De verdediging klaagt namens verdachte, ten aanzien van wie bij verstek wederspannigheid en bedreiging met openlijk in vereniging geweld plegen tegen personen is bewezenverklaard, onder meer dat het hof heeft verzuimd gemotiveerd te beslissen op een verzoek tot aanhouding van de behandeling van de zaak. Het hof heeft blijkens het proces-verbaal van de terechtzitting na vaststelling dat de verdachte noch de raadsvrouw van de verdachte niet ter terechtzitting zijn verschenen, de griffier telefonisch contact laten opnemen het met het advocatenkantoor van de raadsvrouw. De secretaresse van de raadsvrouw heeft desgevraagd medegedeeld dat de datum van de terechtzitting verkeerd is genoteerd in de agenda en dat zij heden elders zitting heeft.
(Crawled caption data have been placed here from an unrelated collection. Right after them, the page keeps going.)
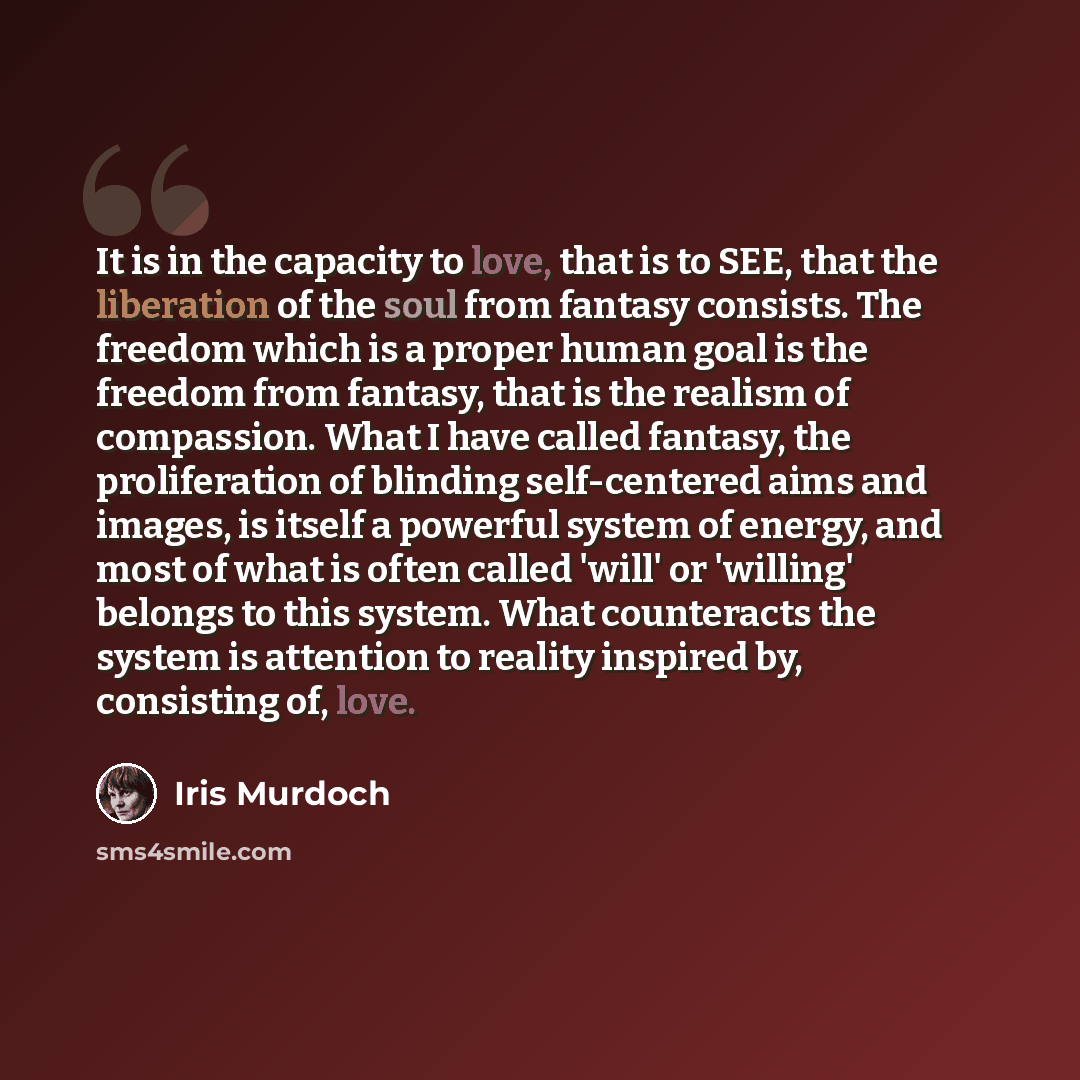 “It is in the capacity to love, that is to SEE, that the liberation of the soul from fantasy consists. The freedom which is a proper human goal is the freedom from fantasy, that is the realism of compassion. What I have called fantasy, the proliferation of blinding self-centered aims and images, is…” quote by Iris Murdoch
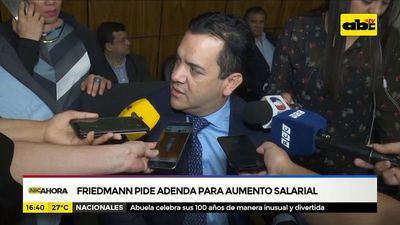 Friedmann pide adenda para aumento salarial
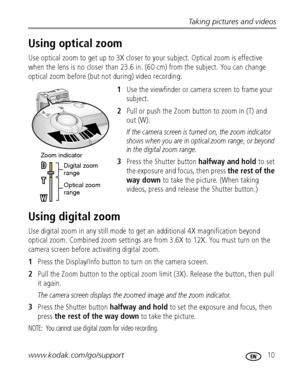 Page 17Taking pictures and videos
www.kodak.com/go/support
 10
Using optical zoom
Use optical zoom to get up to 3X closer to your subject. Optical zoom is effective 
when the lens is no closer than 23.6 in. (60 cm) from the subject. You can change 
optical zoom before (but not during) video recording.
1Use the viewfinder or camera screen to frame your 
subject.
2Pull or push the Zoom button to zoom in (T) and 
out (W).
If the camera screen is turned on, the zoom indicator 
shows when you are in optical zoom...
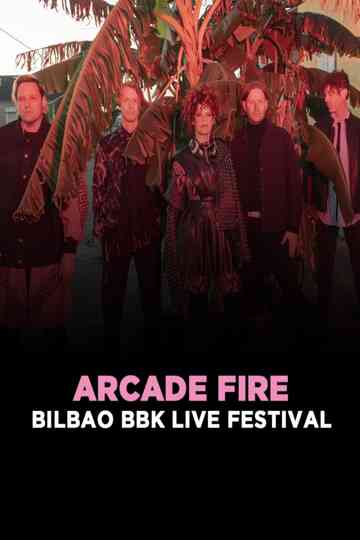 Arcade Fire - Bilbao BBK Live Festival 2024 Poster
De secretaresse verzoekt de zaak aan te houden voor onbepaalde tijd. Het hof heeft vervolgens verstek verleend tegen de niet-verschenen verdachte, het onderzoek ter terechtzitting heeft plaatsgevonden en is gesloten. Onmiddellijk na de sluiting van het onderzoek is het arrest uitgesproken. De Hoge Raad overweegt dat het hof klaarblijkelijk met het oog op het belang van het recht van de verdachte op verdediging in de onverklaarde afwezigheid van de raadsvrouw aanleiding heeft gevonden door de griffier te laten onderzoeken of zij op de hoogte was van dag en tijdstip van de terechtzitting in hoger beroep en is in dat kader door de secretaresse van de raadsvrouw de reden voor het niet-verschijnen medegedeeld met daaraan gekoppeld het verzoek de zaak voor onbepaalde tijd aan te houden. De Hoge Raad overweegt dat uit de omstandigheid dat tegen de niet-verschenen verdachte verstek is verleend en met de behandeling van de zaak is voortgegaan, afgeleid moet worden dat het hof het verzoek tot aanhouding van de behandeling heeft afgewezen. De Hoge Raad oordeelt dat, met het oog op voormeld belang van het recht op verdediging en gelet op hetgeen hiervoor is weergegeven, het hof die afwijzing met redenen had behoren te omkleden.